EXERCISE MATERIALS –
* * * * * * * * *

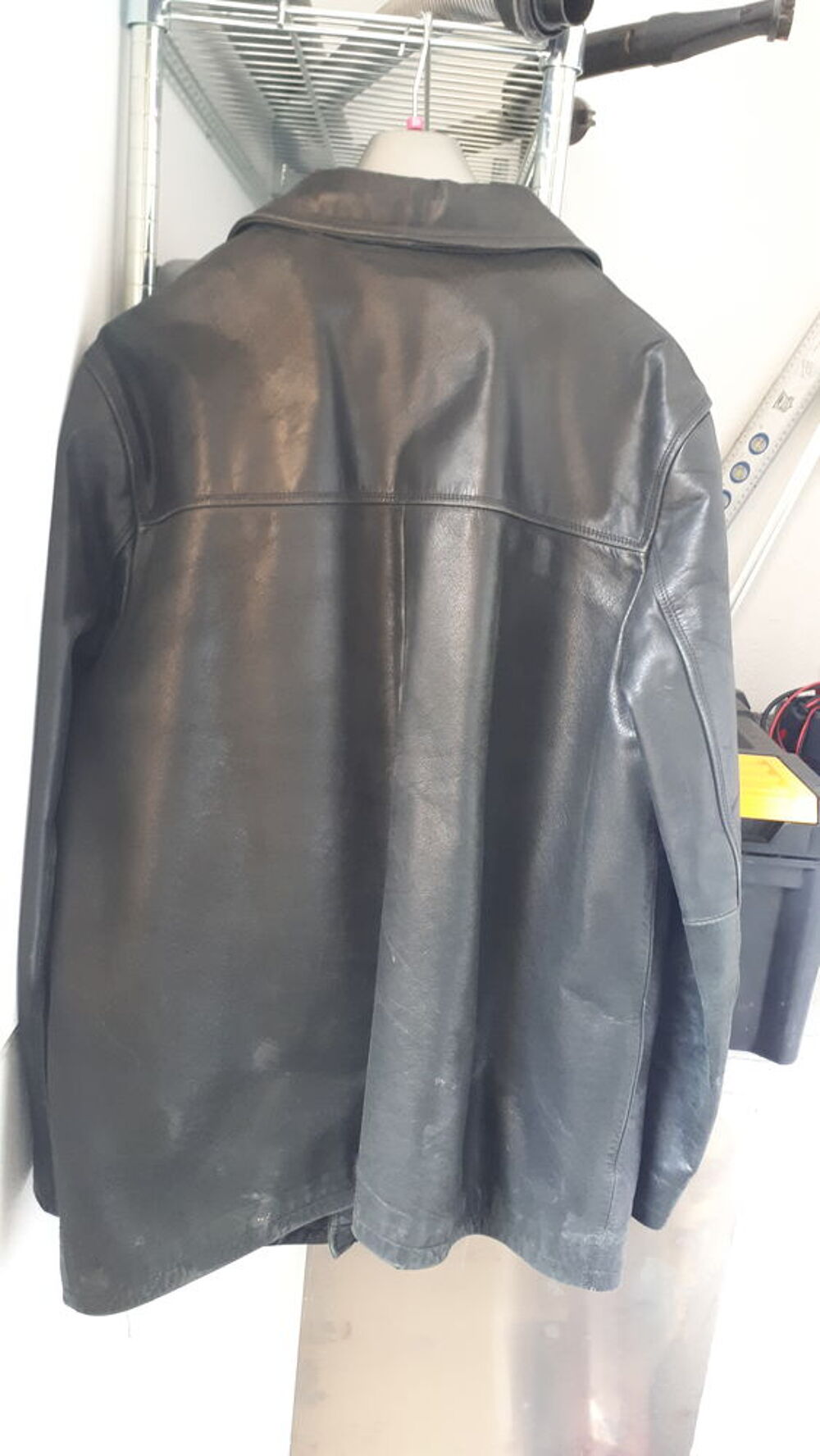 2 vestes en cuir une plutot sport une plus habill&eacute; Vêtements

* * * * * * * * *

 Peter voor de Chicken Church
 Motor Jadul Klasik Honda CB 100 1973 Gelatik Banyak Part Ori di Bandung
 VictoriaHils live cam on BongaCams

* * * * * * * * *

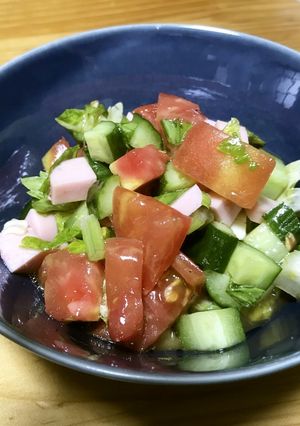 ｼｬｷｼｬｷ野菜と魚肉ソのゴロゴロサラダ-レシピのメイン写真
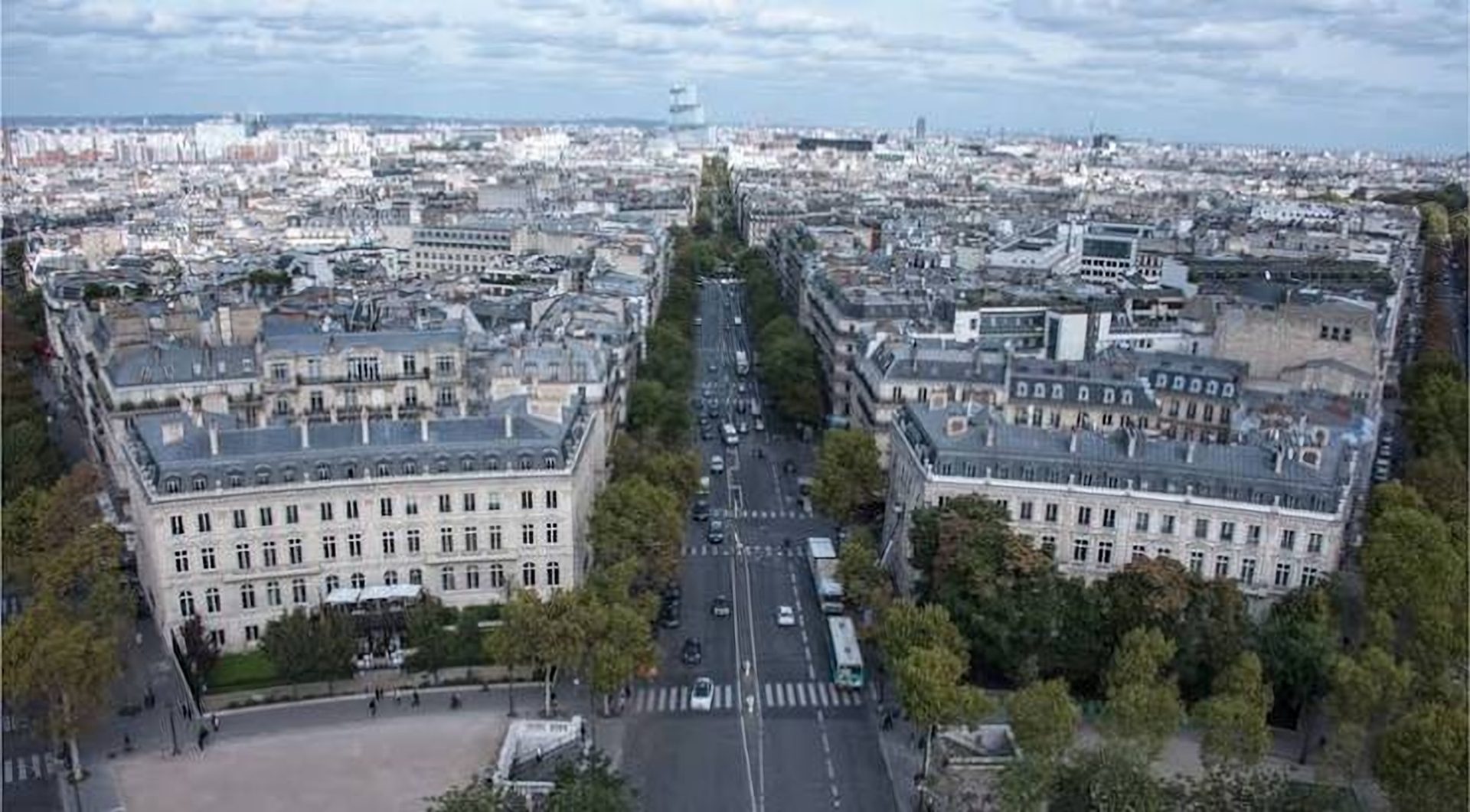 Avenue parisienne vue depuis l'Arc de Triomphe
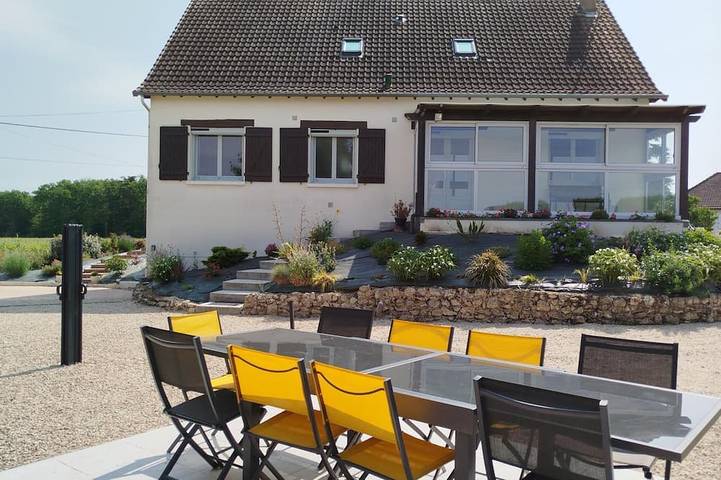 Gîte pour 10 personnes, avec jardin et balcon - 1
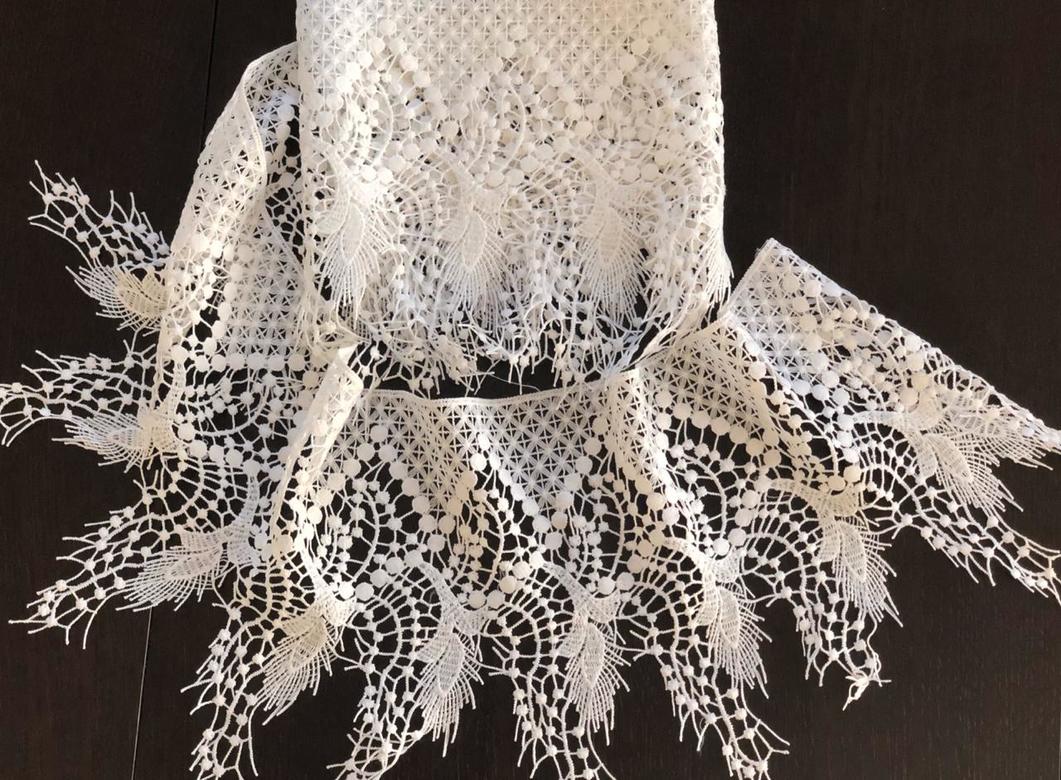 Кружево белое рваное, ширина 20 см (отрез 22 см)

* * * * * * * * *

WHAT YOU NEED TO DO – Everything above from the line containing "Peter voor de Chicken Church" down to the line containing "VictoriaHils live cam on BongaCams" is to be transcribed exactly, with both of those lines included and nothing else added.

TASK ANSWER –
 Peter voor de Chicken Church
 Motor Jadul Klasik Honda CB 100 1973 Gelatik Banyak Part Ori di Bandung
 VictoriaHils live cam on BongaCams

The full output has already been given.